■ Goal of the exercise ■
Set every entry down again exactly, excluding any pictures.

═════ Data

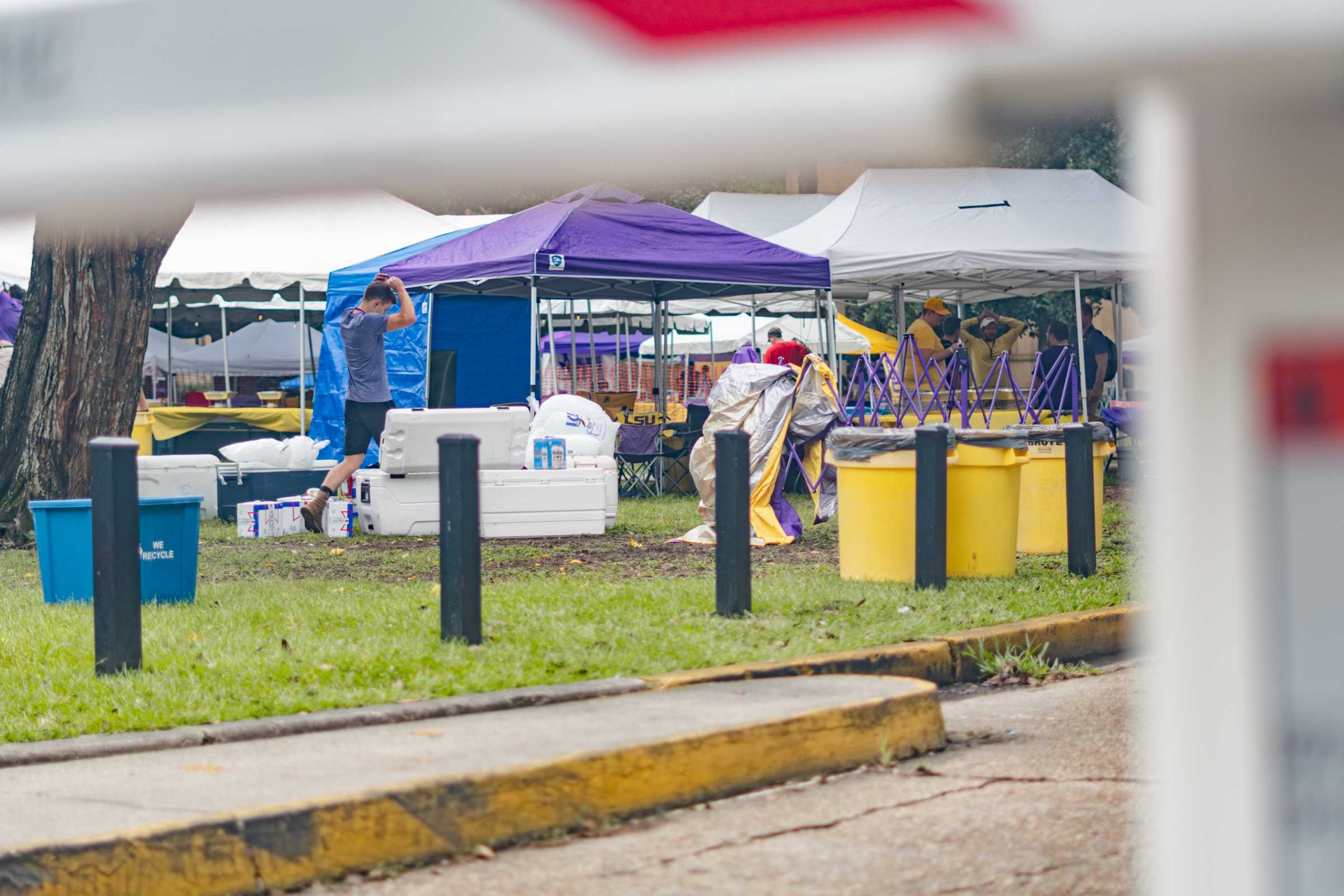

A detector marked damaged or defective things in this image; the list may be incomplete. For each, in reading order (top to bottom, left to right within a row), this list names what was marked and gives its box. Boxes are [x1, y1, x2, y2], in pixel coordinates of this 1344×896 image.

crack in concrete [605, 779, 1005, 881]
crack in concrete [925, 843, 1134, 892]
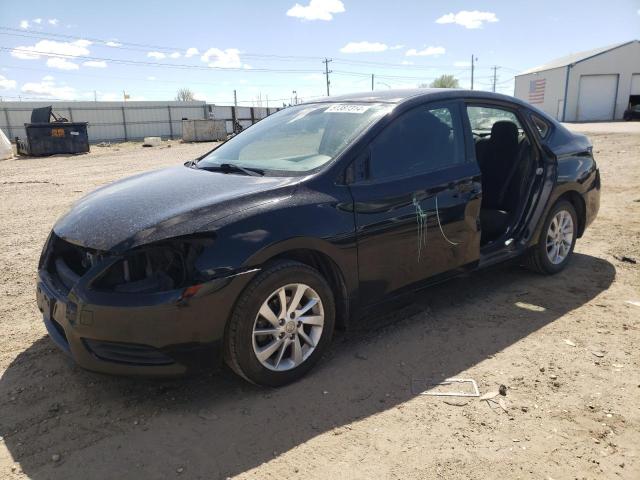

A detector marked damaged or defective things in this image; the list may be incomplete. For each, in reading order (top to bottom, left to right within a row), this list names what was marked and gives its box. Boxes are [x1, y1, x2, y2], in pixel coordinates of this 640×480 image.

crumpled hood [53, 164, 296, 251]
damaged front bumper [35, 234, 258, 376]
missing headlight [92, 235, 214, 294]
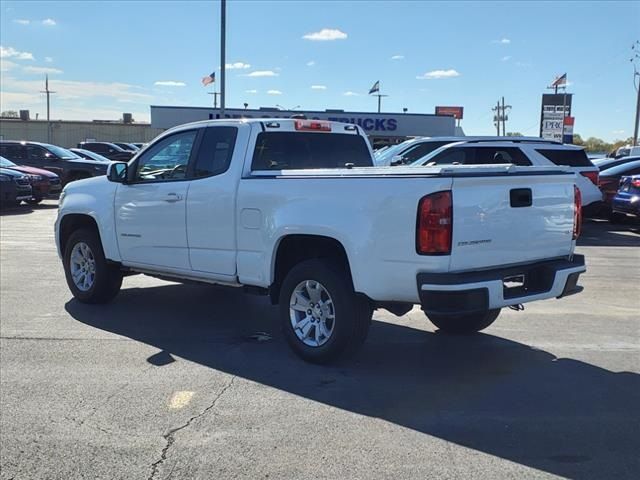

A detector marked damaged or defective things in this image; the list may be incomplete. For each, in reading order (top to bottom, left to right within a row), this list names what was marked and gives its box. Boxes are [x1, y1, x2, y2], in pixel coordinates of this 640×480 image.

crack in pavement [148, 376, 238, 480]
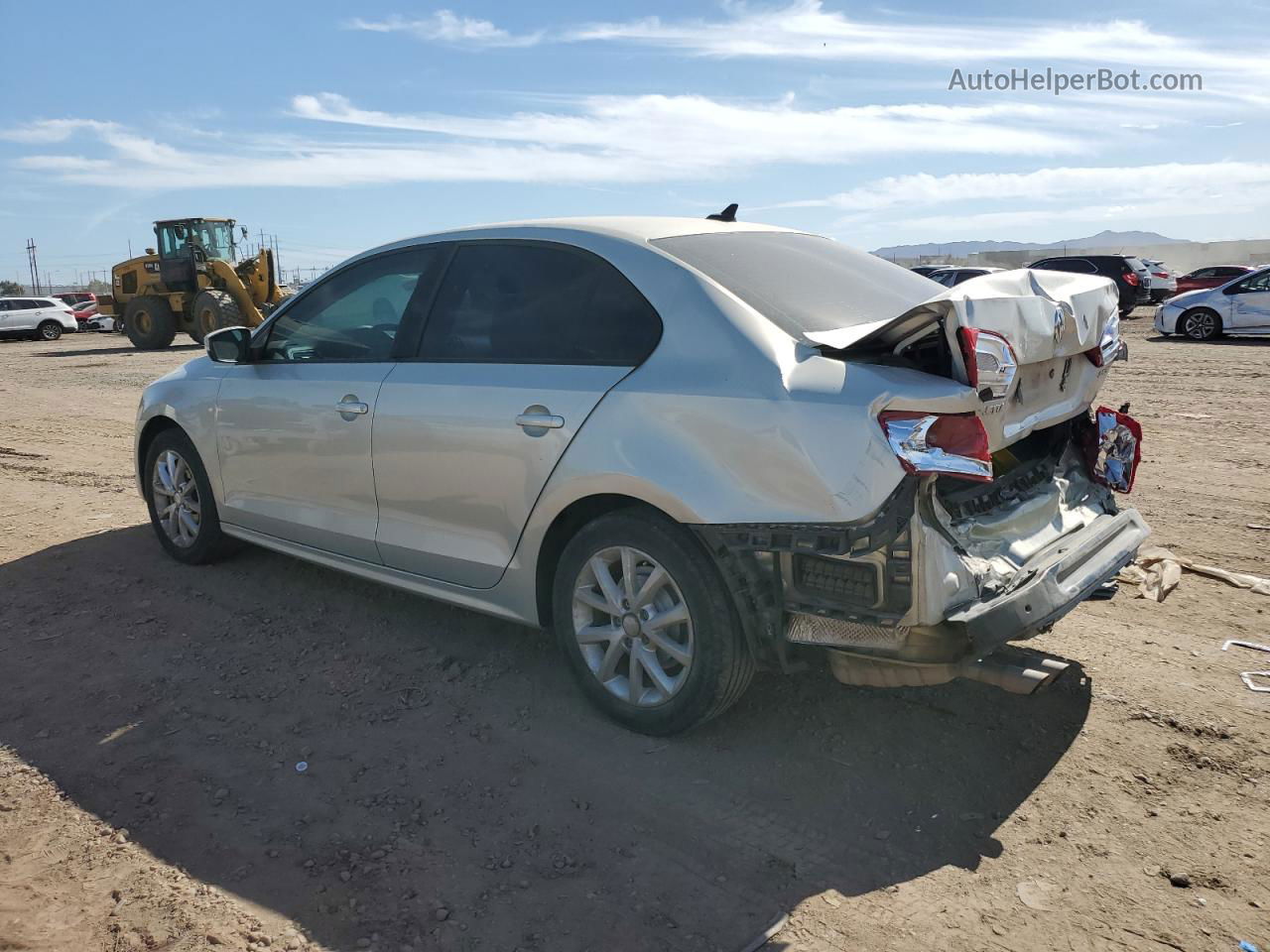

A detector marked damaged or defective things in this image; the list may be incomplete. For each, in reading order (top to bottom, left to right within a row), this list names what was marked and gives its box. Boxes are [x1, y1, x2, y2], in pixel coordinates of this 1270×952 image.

damaged rear end of car [696, 266, 1153, 695]
broken taillight [878, 411, 995, 484]
crumpled trunk lid [802, 270, 1122, 451]
broken taillight [954, 327, 1016, 404]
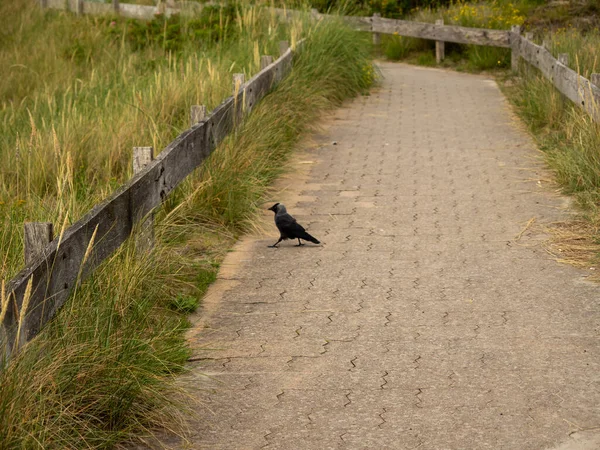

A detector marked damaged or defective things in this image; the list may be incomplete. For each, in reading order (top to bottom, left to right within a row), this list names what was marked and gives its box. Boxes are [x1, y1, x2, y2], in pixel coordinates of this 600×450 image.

cracked pavement [179, 64, 600, 450]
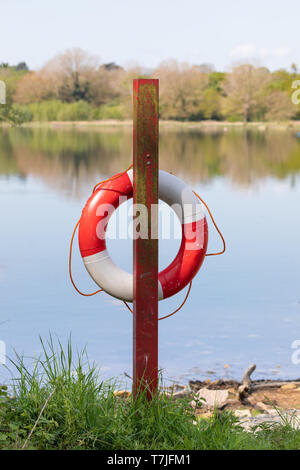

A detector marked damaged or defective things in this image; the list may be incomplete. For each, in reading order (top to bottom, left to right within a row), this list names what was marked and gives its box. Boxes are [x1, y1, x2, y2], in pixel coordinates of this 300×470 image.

rusty metal post [132, 77, 158, 396]
rust stain on post [132, 78, 158, 396]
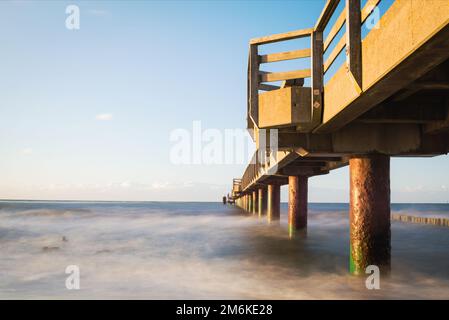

══════════

■ Answer area ■
A detector marked damaged or defective things in this image; the list may be incomplete. For each, in reading order (top to bottom, left to right within a row), this list names what was marked and gives its box. Boxes are [x1, y1, x2, y2], in pixel coordinates of this 1344×896 image.

crack in concrete [605, 779, 1005, 881]
crack in concrete [925, 843, 1134, 892]

A detector marked damaged or defective things in this image; the list may be incomplete. For each, in reading order (top to bottom, left to right within a row), this list names what was marked and gives its box. Boxes are [x1, y1, x2, y2], in pixel coordinates of this 640×480 image.

crumpled hood [53, 164, 296, 251]
damaged front bumper [35, 234, 258, 376]
missing headlight [92, 235, 214, 294]

A detector marked damaged or defective things in this image; the list may be incomplete. For each, in reading order (top to bottom, left to right within a row), this list names what was marked and gives its box. Boxes are [x1, y1, x2, y2], in pixel coordinates of this 640×480 image.

crack in pavement [148, 376, 238, 480]

A detector marked damaged or defective things in this image; the list may be incomplete. For each, in reading order (top to bottom, left to right within a row), this list names what was marked and gives its box. Boxes are [x1, y1, x2, y2], in pixel coordinates of this 1270×952 image.

damaged rear end of car [696, 266, 1153, 695]
broken taillight [878, 411, 995, 484]
crumpled trunk lid [802, 270, 1122, 451]
broken taillight [954, 327, 1016, 404]

A detector marked damaged or defective things in this image; the list may be incomplete. For each, in reading order (top to bottom, left to right within a row), this list names what was marked and gives its box. Boxes are [x1, y1, x2, y2], in pixel coordinates of this 600×450 image.

cracked pavement [179, 64, 600, 450]

A detector marked damaged or defective things in this image; the list may be incomplete. For each, in reading order (top to bottom, left to right within a row), this list names what was marked and gives its box. Boxes are [x1, y1, x2, y2], in pixel coordinates of this 300×470 image.

rusty metal post [132, 77, 158, 396]
rust stain on post [132, 78, 158, 396]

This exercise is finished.